This wonderful old piece of architecture is only used once a year by the Camellia Garden Club of Clayton. A very beautiful candlelight Every Light of Prayer service to honor the veterans of all our wars is held then. As in the days of old, no electricity, just beautiful candlelight and and period decorations.
I have been influenced by small country churches in Alabama. I got saved in one at the age of 9 up around Russellville and married in one that my father-in-law preaches at in Selfville. While I enjoy praise and worship music, there is nothing quite like singing an old fashioned hymn in a small country church.
A group called the Coopers Cousins has formed to save the beautiful old Chestnut Creek Baptist Church building. This church is located on a hill between Clanton and Verbena just off Hwy 31.

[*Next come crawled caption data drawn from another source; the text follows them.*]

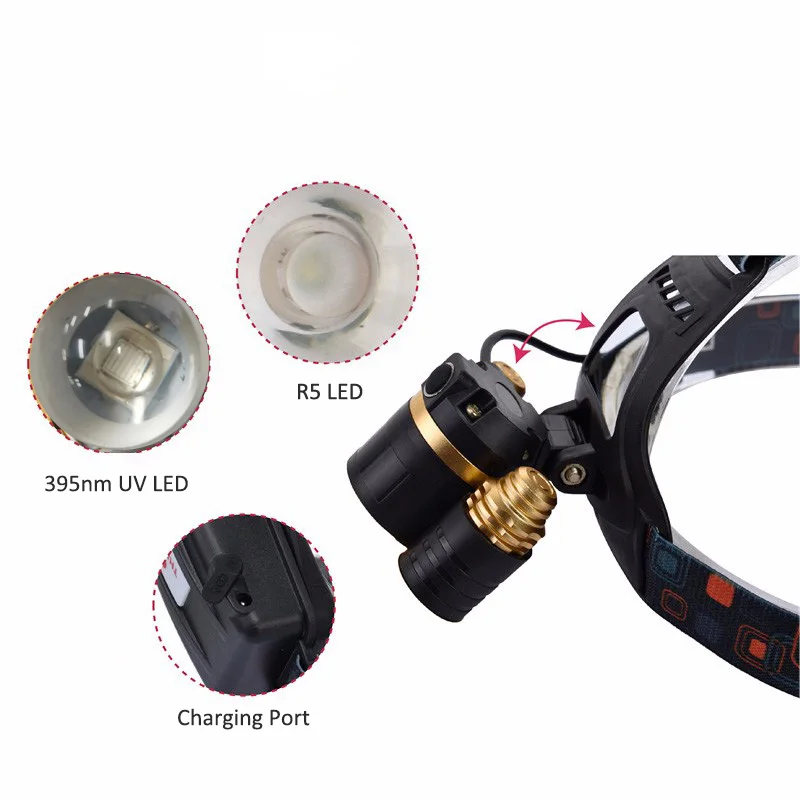 Professional Powerful Headllight 4-Mode White & UV Head Torch LED Rechargeable 18650 Zoom Headlamp For Running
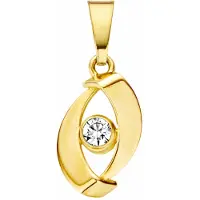 MORI Gold 14krt geelgouden hanger met 0,09crt diamant, subtiele hanger met een moderne uitstraling, model 40-HM-840-0,09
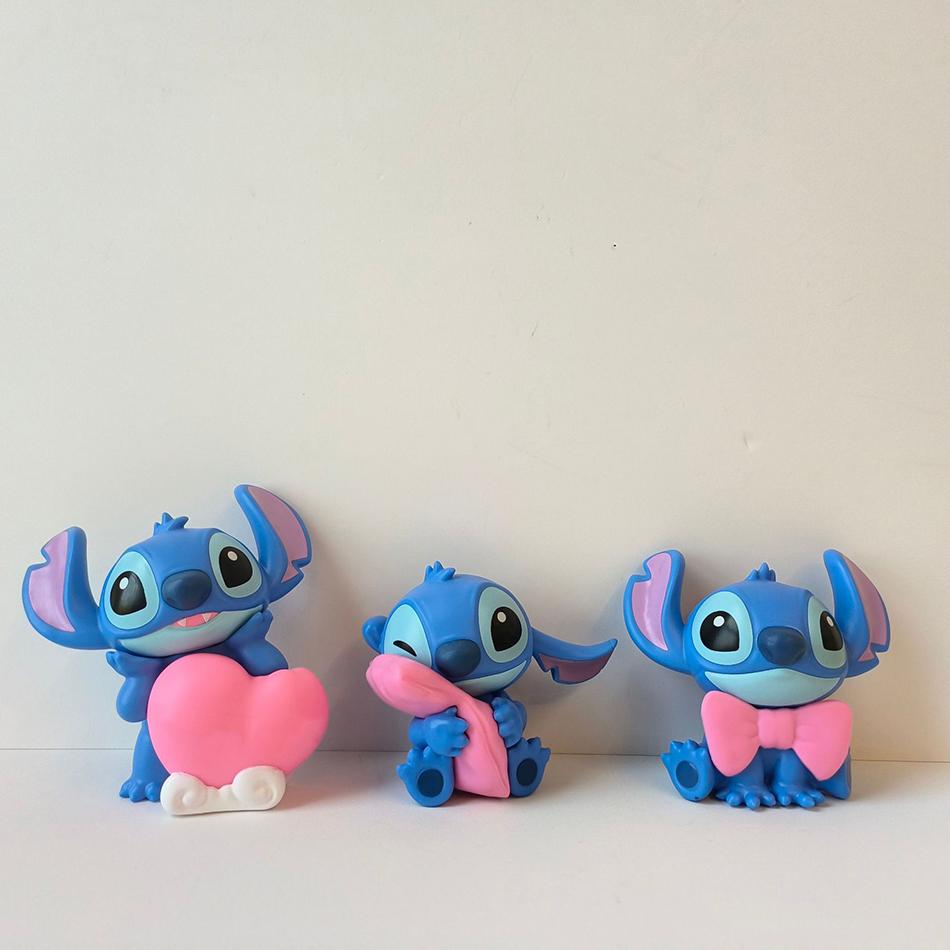 6Pcs/Set Latest Stitch Sweet Pink Series Adorable Stitch Action Figure PVC Doll Toy Desktop Decor Collectible Playthings Girlfriend Toy Gifts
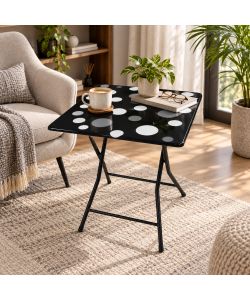 Domo Mea Tavolino Pieghevole a Pois 60x60 cm - Design Moderno e Pratico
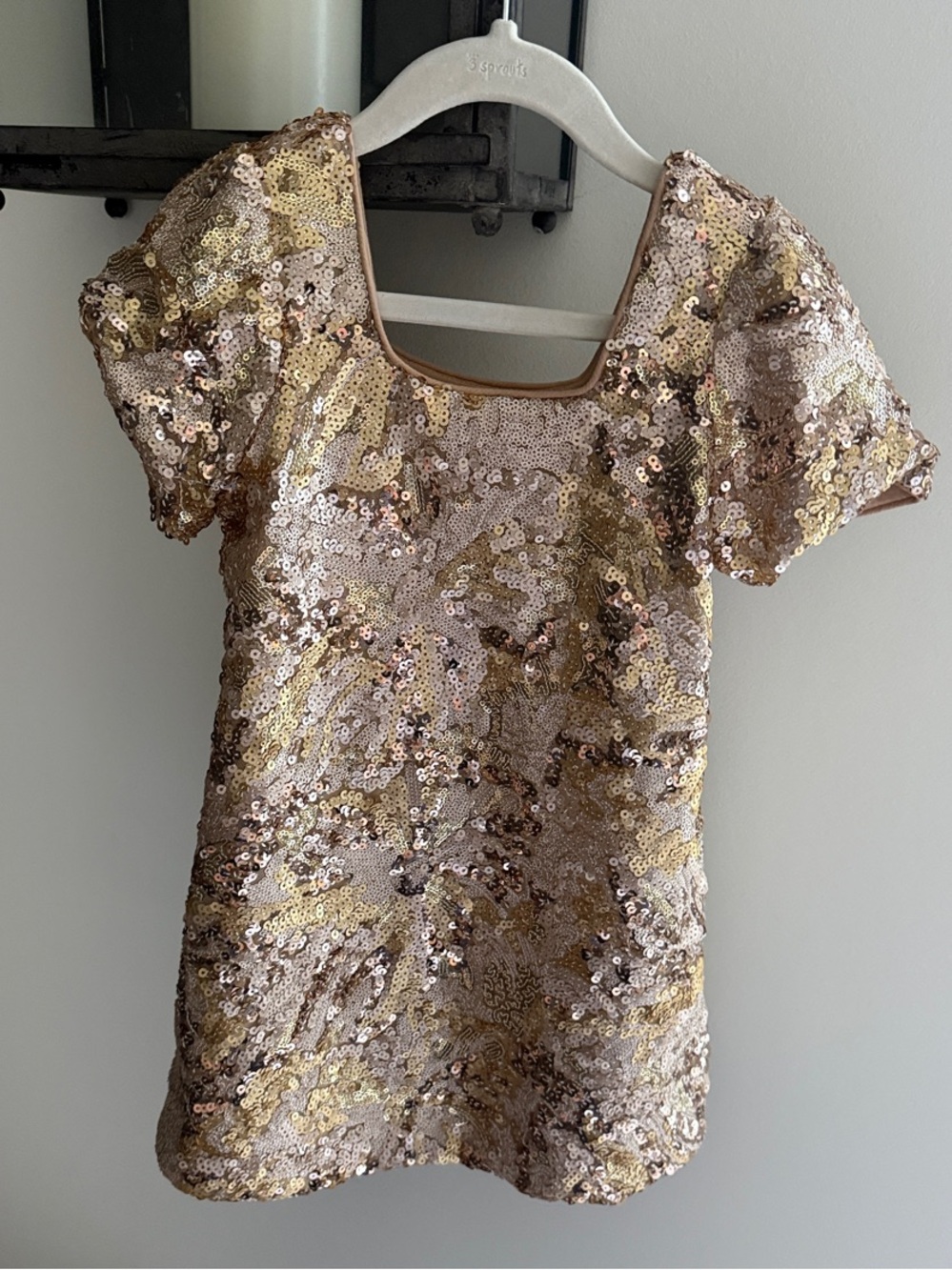 Noralee Girls' Gold Sequin Short Sleeve Dress - Bronze Daisy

Send me more information about the church and how to join/contribute to the group and I’ll include the info on AP and in the newsletter. Good luck!
No, but a school like this! 1st grade to 8th grade was taught . I only went to the 7th grade there. Learned a lot! At first I thought it was a joke! but when I left I missed it. God was working!
Yes, I did go to a small church like this as a child. It was called Four Square Church. I think it only held about ten to fifteen people.
What was the reason for the two separate doors (one for men one for women)? This was all part of the Yankee (Federal Government) Reconstruction Program after the War Between The States (aka-The Civil War). They thought that men were better than women. When prior to the war, most Southerners thought highly of women and placed them on a pedestal. Just a part of the indoctrination that was used.
Sad to see that 15 years later what there ideas have lead too.
I would like to know the name of the woman who sang LEANING ON THE EVERLASTING ARMS so beautifully, please.